Examples are imprecise but I hope you get what I mean with them.

By the way you might also be interested in bamboo, a pythonic framewok for analyzing NanoAODs based on RDataFrame.

Cheers,
Enrico

lcorcodilos · October 6, 2020, 3:15am

Hi Enrico,

Thanks for the reply.

That’s just not possible, I’m afraid. You would need RDF to expose pointers to the column values that are automatically updated during the event loop – those are internals that RDF does not expose by design.

Okay so that answers the question for me permanently (I had been wondering for the past year while making work arounds but never getting around to asking again in clearer wording).

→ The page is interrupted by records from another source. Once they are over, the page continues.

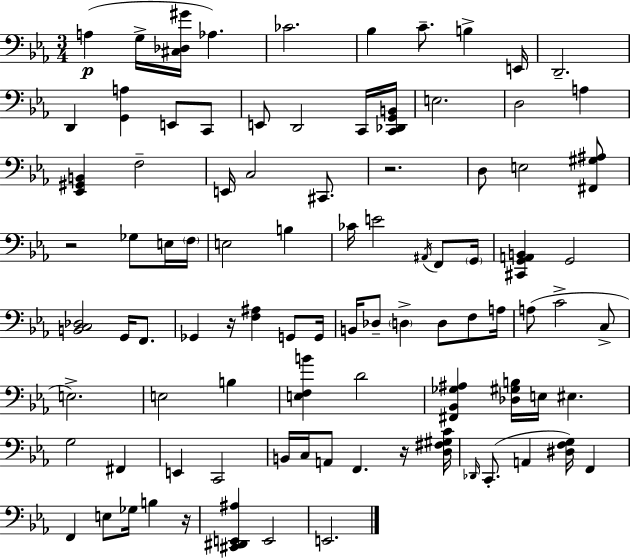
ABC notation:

X:1
T:Untitled
M:3/4
L:1/4
K:Cm
A, G,/4 [^C,_D,^G]/4 _A, _C2 _B, C/2 B, E,,/4 D,,2 D,, [G,,A,] E,,/2 C,,/2 E,,/2 D,,2 C,,/4 [C,,_D,,G,,B,,]/4 E,2 D,2 A, [_E,,^G,,B,,] F,2 E,,/4 C,2 ^C,,/2 z2 D,/2 E,2 [^F,,^G,^A,]/2 z2 _G,/2 E,/4 F,/4 E,2 B, _C/4 E2 ^A,,/4 F,,/2 G,,/4 [^C,,G,,A,,B,,] G,,2 [B,,C,_D,]2 G,,/4 F,,/2 _G,, z/4 [F,^A,] G,,/2 G,,/4 B,,/4 _D,/2 D, D,/2 F,/2 A,/4 A,/2 C2 C,/2 E,2 E,2 B, [E,F,B] D2 [^F,,_B,,_G,^A,] [_D,^G,B,]/4 E,/4 ^E, G,2 ^F,, E,, C,,2 B,,/4 C,/4 A,,/2 F,, z/4 [D,^F,^G,C]/4 _D,,/4 C,,/2 A,, [^D,F,G,]/4 F,, F,, E,/2 _G,/4 B, z/4 [^C,,^D,,E,,^A,] E,,2 E,,2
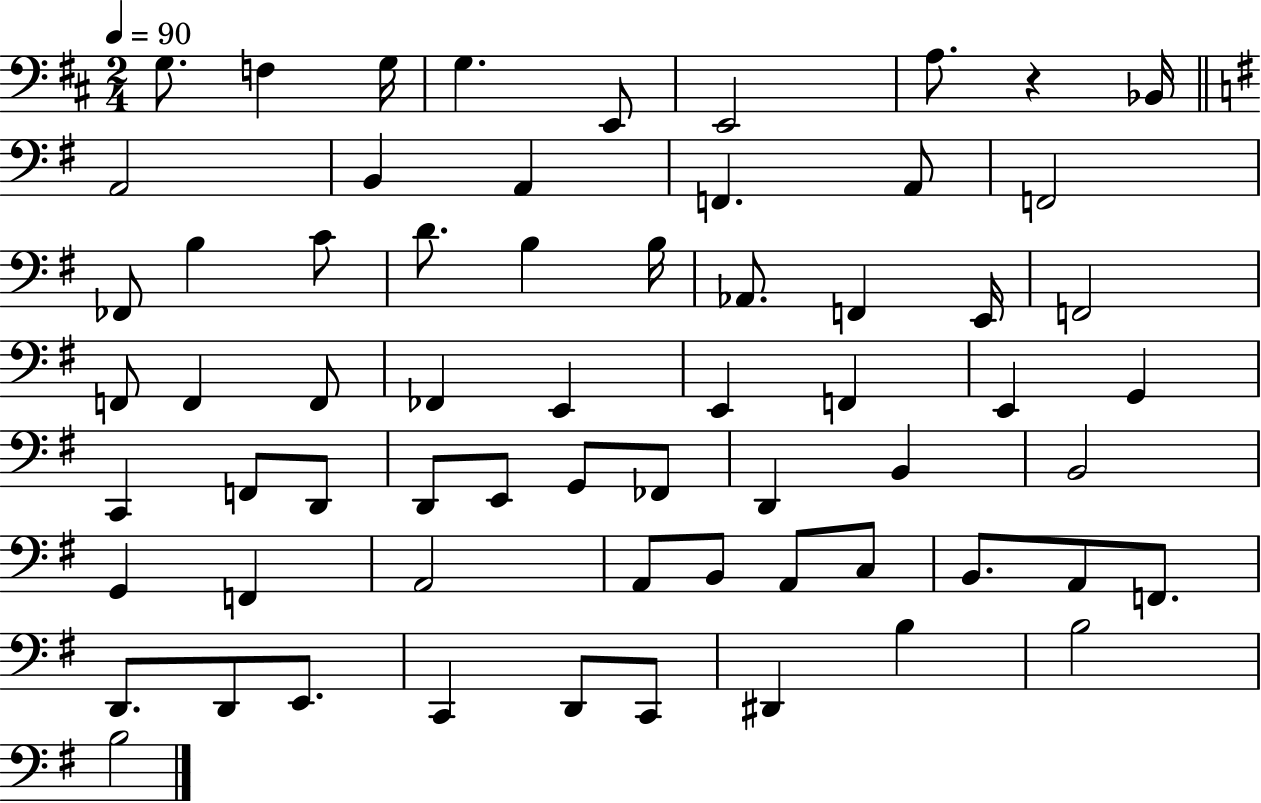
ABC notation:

X:1
T:Untitled
M:2/4
L:1/4
K:D
G,/2 F, G,/4 G, E,,/2 E,,2 A,/2 z _B,,/4 A,,2 B,, A,, F,, A,,/2 F,,2 _F,,/2 B, C/2 D/2 B, B,/4 _A,,/2 F,, E,,/4 F,,2 F,,/2 F,, F,,/2 _F,, E,, E,, F,, E,, G,, C,, F,,/2 D,,/2 D,,/2 E,,/2 G,,/2 _F,,/2 D,, B,, B,,2 G,, F,, A,,2 A,,/2 B,,/2 A,,/2 C,/2 B,,/2 A,,/2 F,,/2 D,,/2 D,,/2 E,,/2 C,, D,,/2 C,,/2 ^D,, B, B,2 B,2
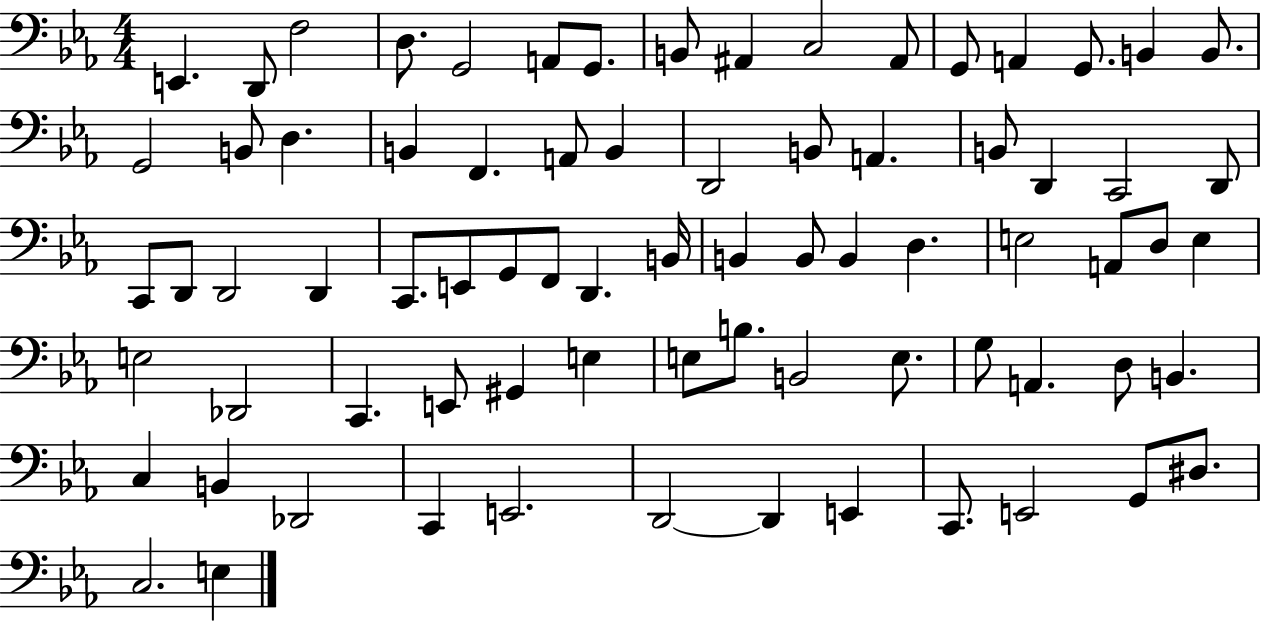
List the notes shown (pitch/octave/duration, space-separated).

E2/q. D2/e F3/h D3/e. G2/h A2/e G2/e. B2/e A#2/q C3/h A#2/e G2/e A2/q G2/e. B2/q B2/e. G2/h B2/e D3/q. B2/q F2/q. A2/e B2/q D2/h B2/e A2/q. B2/e D2/q C2/h D2/e C2/e D2/e D2/h D2/q C2/e. E2/e G2/e F2/e D2/q. B2/s B2/q B2/e B2/q D3/q. E3/h A2/e D3/e E3/q E3/h Db2/h C2/q. E2/e G#2/q E3/q E3/e B3/e. B2/h E3/e. G3/e A2/q. D3/e B2/q. C3/q B2/q Db2/h C2/q E2/h. D2/h D2/q E2/q C2/e. E2/h G2/e D#3/e. C3/h. E3/q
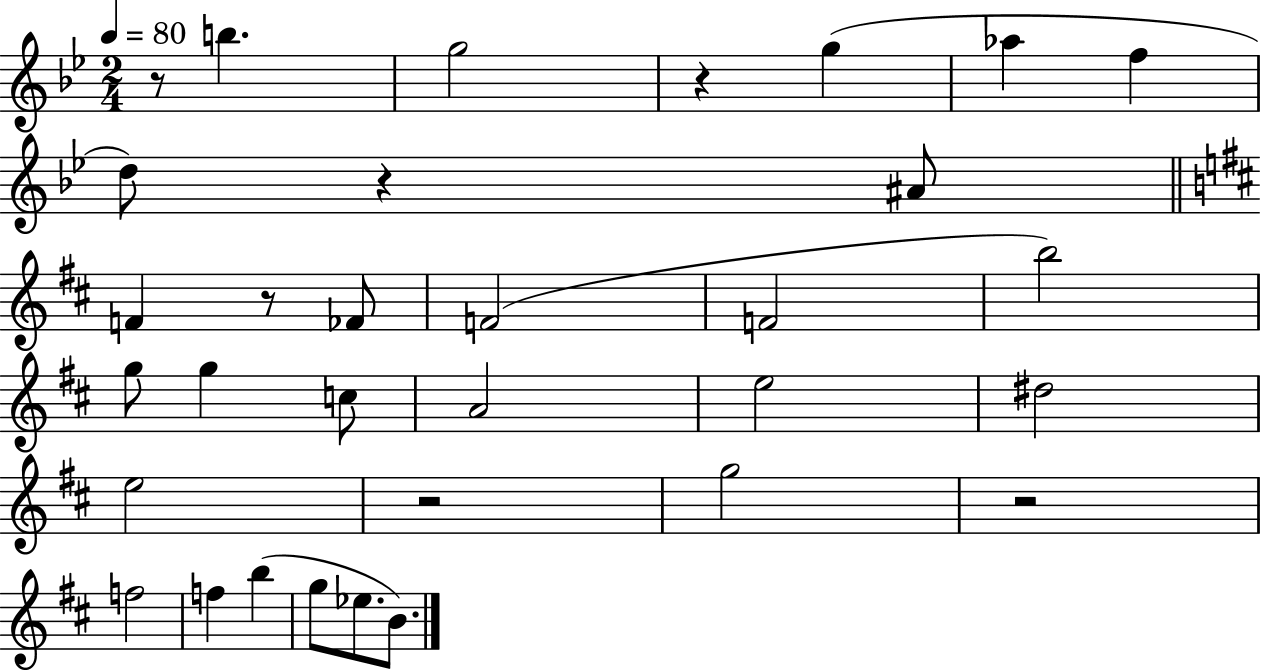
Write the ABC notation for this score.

X:1
T:Untitled
M:2/4
L:1/4
K:Bb
z/2 b g2 z g _a f d/2 z ^A/2 F z/2 _F/2 F2 F2 b2 g/2 g c/2 A2 e2 ^d2 e2 z2 g2 z2 f2 f b g/2 _e/2 B/2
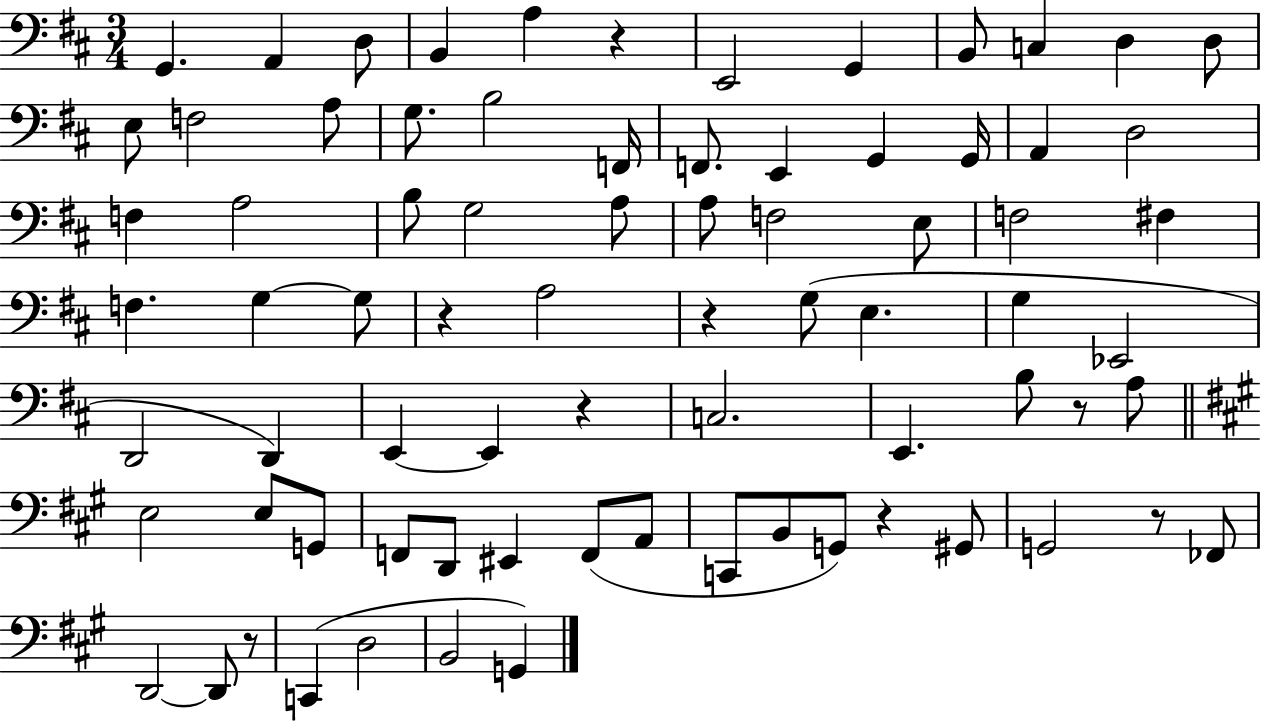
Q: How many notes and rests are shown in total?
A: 77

I’m partial to the first suggestion over the second since I prefer to have the end-user interface with the RDF in as direct a way as possible (fewer black boxes and more responsibility on the user). The first suggestion is already something that I’ve setup except with a bit of a different method. I have the C++ function arguments named in the definition with the branch names that it needs. Carrying through my example, it would be

float myFunc(RVec<float> FatJet_pt) {
    return FatJet_pt[0];
}

Then I use clang in python to parse the C++, grab the function definition, and use the argument names in the definition as the arguments in the call to the function (provided those argument names are actually branch names of course ).

Thanks for sending bamboo. On first glance, there are some things I like and some that I don’t but I’ll definitely be taking a better look at it to compare against my own (TIMBER for the record - which I find sort of funny relative to “bamboo”). It certainly has more mature documentation!

Thanks,
Lucas

system · October 20, 2020, 3:16am

This topic was automatically closed 14 days after the last reply. New replies are no longer allowed.